Let $A$ be a finitely generated, infinite abelian group, and $n$ a positive integer. Show there exists a subgroup $B$ such that $|A/B| = n$.
I'm trying to use induction on the number of generators of $A$, but I don't know if this is a good approach. Any hints are greatly appreciated.
By the fundamental theorem of finite abelian groups, $A$ is isomorphic to a group $\mathbb{Z}\times A'$, where $A'$ is some abelian group. Hence, $A$ surjects onto $\mathbb{Z}$. As $\mathbb{Z}$ surjects onto $\mathbb{Z}_n$, the cyclic group of order $n$, it follows that $A$ also surjects onto $\mathbb{Z}_n$. The result then follows by the first isomorphism theorem.
You can actually find the subgroup $B$ if you want, although the question doesn't ask for this: Using the integers in the obvious way to denote the elements of the $\mathbb{Z}$ factor in $\mathbb{Z}\times A'$, so $A=\langle 1, A\rangle$, then $B=\langle n, A'\rangle$.

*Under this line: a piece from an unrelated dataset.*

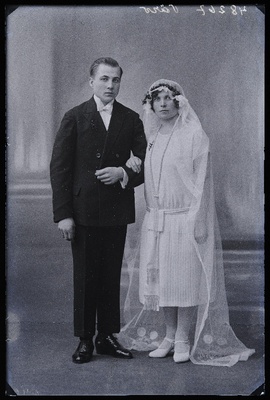Noorpaar Värv.  duplicate photo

[The last paragraph is potentially ambiguous as there may be lots of $\mathbb{Z}$-factors of $A$. I wrote it like this because I wanted to use additive notation. Multiplicatively, and unambiguously, let $z$ be the generator of the $\mathbb{Z}$-factor in $\mathbb{Z}\times A'$, so $A=\langle z, A\rangle$, and then $B=\langle z^n, A'\rangle$.]